Possible to train on your own music?
christomitov opened this issue ยท 10 comments
Any instructions on what would be required to tag the data and train this to generate music in your style?
Hi, for tag annotation, you can try some NN-based tag model, e.g., https://github.com/minzwon/sota-music-tagging-models, as most tagging models have similar training data, there is no need to worry out-of-domain. For model fine-tuning, you can use smaller lr, e.g., 1e-5, with 2-3 epochs with the train.py file :)
Im just getting into testing the training, but so far it seems my workflow is such:
mp3tag -> export csv of tags (title, artist_name, release (from album), tag_list (from Genre), path (combined from path and filename)
Then I am using https://github.com/seungheondoh/lp-music-caps to generate the Pseudo captions required for the training. The script that does the captioning basically pulls from the mp3tag csv, captions the audio stored at path, then adds the caption and writes it back as a new row to a new csv.

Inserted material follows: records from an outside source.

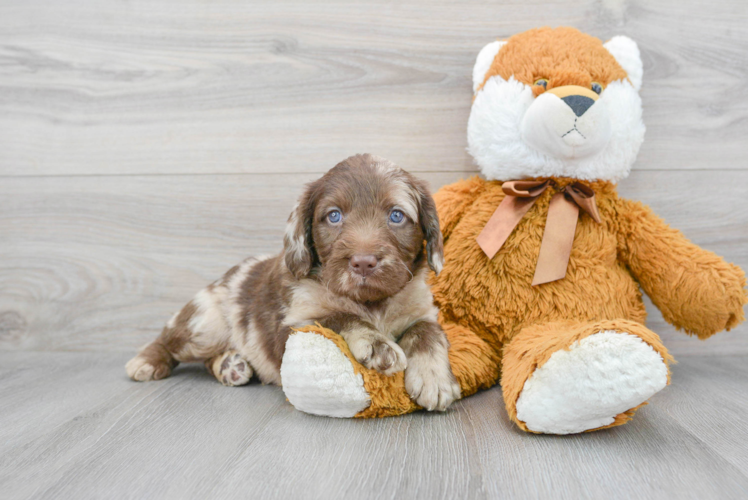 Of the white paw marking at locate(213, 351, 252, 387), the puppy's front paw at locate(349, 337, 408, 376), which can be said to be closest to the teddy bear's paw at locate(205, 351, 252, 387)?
the white paw marking at locate(213, 351, 252, 387)

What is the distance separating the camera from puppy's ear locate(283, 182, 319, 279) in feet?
6.50

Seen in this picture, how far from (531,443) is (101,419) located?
59.7 inches

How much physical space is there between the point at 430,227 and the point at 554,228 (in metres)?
0.53

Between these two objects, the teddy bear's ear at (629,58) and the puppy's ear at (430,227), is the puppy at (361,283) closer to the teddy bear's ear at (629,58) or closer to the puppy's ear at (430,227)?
the puppy's ear at (430,227)

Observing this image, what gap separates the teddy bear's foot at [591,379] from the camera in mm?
1521

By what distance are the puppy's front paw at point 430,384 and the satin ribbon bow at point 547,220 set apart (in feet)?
1.80

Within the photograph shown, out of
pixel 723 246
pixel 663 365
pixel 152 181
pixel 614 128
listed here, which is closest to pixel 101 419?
pixel 152 181

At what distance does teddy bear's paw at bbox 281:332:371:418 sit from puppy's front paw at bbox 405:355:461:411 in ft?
0.55

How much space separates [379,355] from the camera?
1.76 metres

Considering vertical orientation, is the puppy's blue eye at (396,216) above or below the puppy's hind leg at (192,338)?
above

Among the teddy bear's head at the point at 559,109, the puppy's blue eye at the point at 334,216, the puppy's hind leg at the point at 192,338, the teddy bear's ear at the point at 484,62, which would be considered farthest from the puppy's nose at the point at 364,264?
the teddy bear's ear at the point at 484,62

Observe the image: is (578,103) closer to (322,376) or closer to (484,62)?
(484,62)

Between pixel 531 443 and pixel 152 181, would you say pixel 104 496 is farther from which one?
pixel 152 181

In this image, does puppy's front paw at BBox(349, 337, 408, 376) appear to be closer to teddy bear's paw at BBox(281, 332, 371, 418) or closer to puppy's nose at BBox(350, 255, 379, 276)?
teddy bear's paw at BBox(281, 332, 371, 418)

I am still running the captioning conversions, I had a couple issues as the captioning is based on 10 second clips from the audio, so it might miss entirely a vocalist or something. The workaround for now was to take 3-5 10 second samples from around the middle of the audio and combine those 3-5 captions together, then run it through a summarize in T5-basic, which seems to work for now. If it all works well, I can probably put it up, as it should work fine on Windows or linux, and I can throw together a docker compose for it quickly.

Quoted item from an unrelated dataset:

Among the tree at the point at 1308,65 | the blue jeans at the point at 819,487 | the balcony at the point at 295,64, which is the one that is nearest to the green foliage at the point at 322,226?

This new csv will be converted to a .parquet file, and should then be good to train with the prebuilt scripts in this repo.
I haven't gotten to actually testing the training yet, the captioning and summarizing takes roughly 5-7 seconds per song. I'll update once I do. I will also be testing the repo feizc linked for captioning, as it may well be much better than the one I am using.
EDIT: I also found I got better results when I added the tag_list (Genres) field directly to the end of the caption. The caption all get summarized, which strips a lot of data out of the 3-5 captions, but this helped greatly with preserving the genre/style of the music in the caption, which obviously is important for the training. An easy example of this would be a metal song, where the caption would originally call it aggressive rock or metal, adding the tag_list to the caption before summarization might result in it more correctly calling it progressive metal or death metal. This should result in more specificity in recreating the style during inference.
OK. So it appears you don't really NEED the parquet file, as you just use that to generate a json to train from. Might not be a bad idea with regard to storing or sharing datasets, however. I have been testing on Windows currently, once I get some more concrete numbers I will move it to a GPU linux box based on the required vram.
NOTE: for running training on windows, you will need to do a couple things. First is make sure your nvcc --version is 12.1 (minimum) as this will be required for compiling flash-attn, which will take some time. Prebuilt binaries are not available for Windows, at least by default. You must also pip install progressbar and librosa==0.9.2, the librosa version is to prevent an error on training due to a change in required arguments supplied by audiollm2, and is required on windows or linux. This next change is Windows only. You will need to find this line in train.py:
dist.init_process_group("nccl")
and change it to
#dist.init_process_group("nccl") #currently unsupported on windows, trying gloo
dist.init_process_group("gloo")
The nccl process group is currently unsupported on windows, while gloo is slower but works alright. This should not be required on a linux machine, or if running in a GPU docker container even if the host is windows. These process groups are really only used if doing distributed training, but are currently used even if only running one node.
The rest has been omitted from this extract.